En fait, Québec, pour l’instant, n’est pas une ville de vélos. Ni de piétons, d’ailleurs. C’est, encore, une ville de chars, c’est indéniable. Mais, se comparer aux autres a ses limites. Amsterdam est plat comme une planche d’échecs, aucune des villes mentionnées plus haut n’a l’hiver aussi rigoureux que le nôtre.
Dès lors, comparer des pommes et des planches de bois ne donne pas grand-chose. Il faut plutôt partir de notre réalité et combler les besoins, en fonction de notre géographie, notre climat et notre territoire, tel qu’il existe, et progresser, tranquillement.

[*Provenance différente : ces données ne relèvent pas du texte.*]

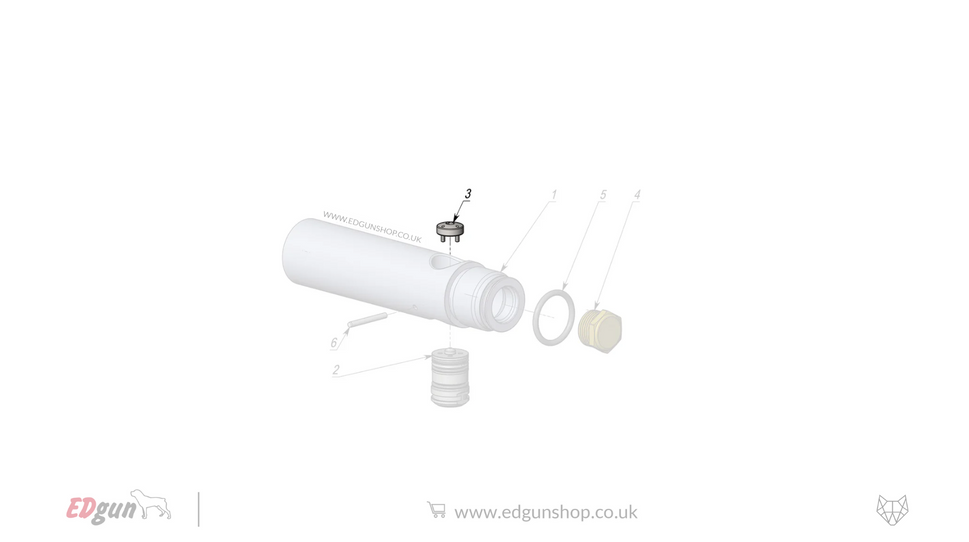 EDgun · Leshiy 2 · Spare Parts: APEX Regulator · LSA2825003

Québec, c’est pas Copenhague. Faut quand même arrêter.
Nos défis
L’idée, au départ, est de passer du vélo récréatif au vélo utilitaire. Et c’est exactement ce qui est sur la planche à dessin, à Québec : faire en sorte de pouvoir aller au boulot ou à l’école, faire des courses, de façon sécuritaire et pratique.
Pour l’instant, ça rime surtout avec rabouter ce qui existe déjà, pour finir par faire des parcours liés et cohérents. Entre temps, les cyclistes doivent surtout être créatifs, inventer un parcours adapté qui rend la promenade moins pénible et risquée. C’est pas génial.

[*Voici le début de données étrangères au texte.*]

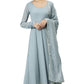 Sophisticated Slate Gray Kurta Set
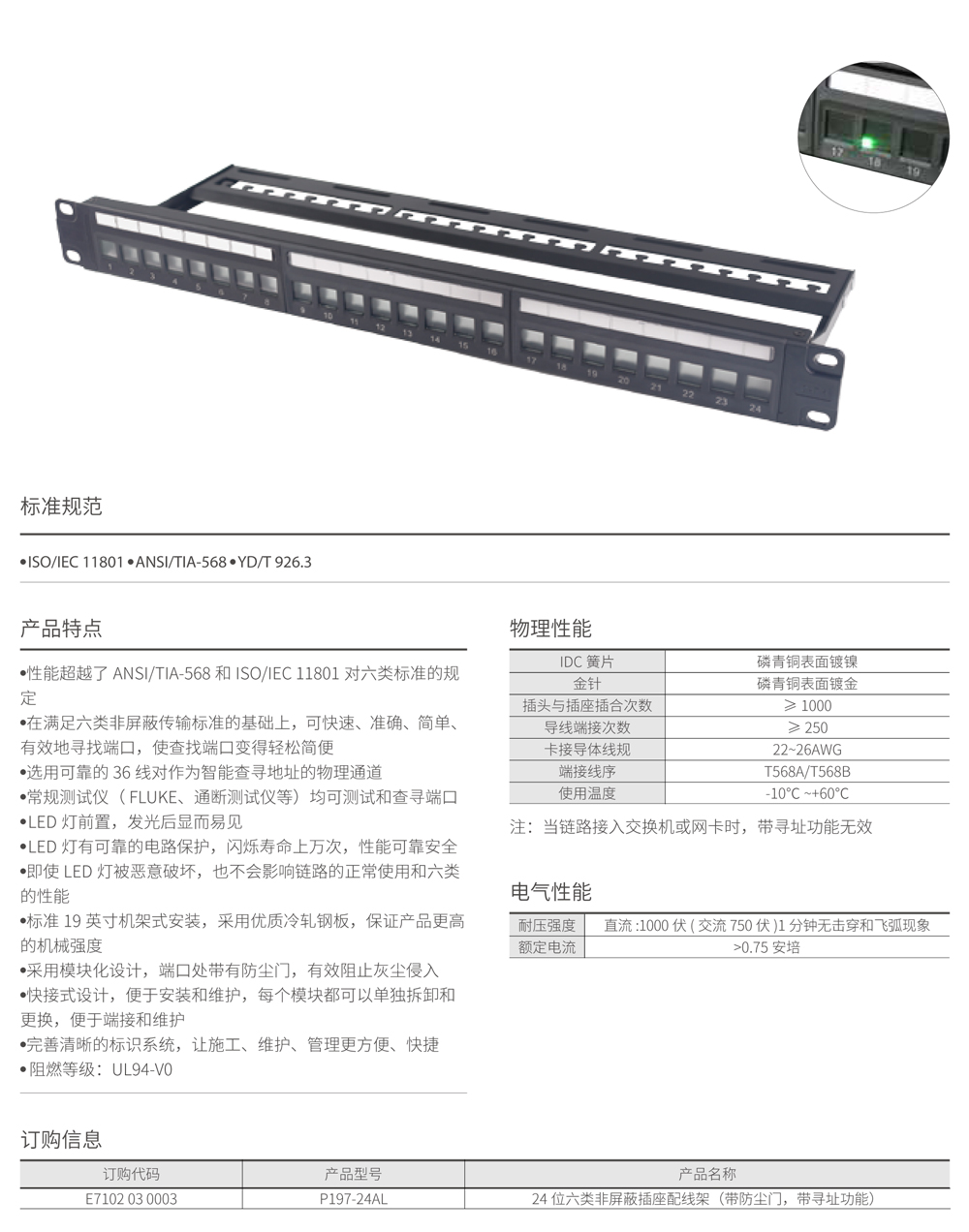 1634203026502497.jpg 六類非屏蔽配線架(帶尋址功能、防塵門).jpg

Il y a encore des lacunes évidentes. On peut circuler en basse-ville, assez bien, idem en haute-ville. De l’un à l’autre, c’est autre chose.
Et c’est presque le désert lorsqu’on se tourne vers les banlieues. Un comité de la Ville y travaille et c’est tant mieux. Cette lacune est importante et déterminante pour l’avenir.
Ainsi, il faudra consolider le réseau cyclable pour en faire un tout fluide et fonctionnel, été comme hiver (ou presque), incluant ce qu’il faut pour ranger les vélos.
Ça voudra aussi dire qu’on aura été capable d’offrir aux cyclistes des artères principales sécurisées qui éviteront qu’ils aient à mettre leur vie en péril pour aller à l’école ou au boulot.
Le corridor du bus est une avenue acquise à l’étranger, comme à Londres, par exemple, mais notre culture locale n’est pas rendue là. Changer les habitudes et une culture, on le sait, ça prend du temps. Beaucoup. De la patience…
Guerre à l’auto
Faudra aussi arrêter de parler de « guerre à l’auto ». Y a pas de guerre, mais une réflexion sur la façon de se déplacer à Québec. C’est sain et souhaitable.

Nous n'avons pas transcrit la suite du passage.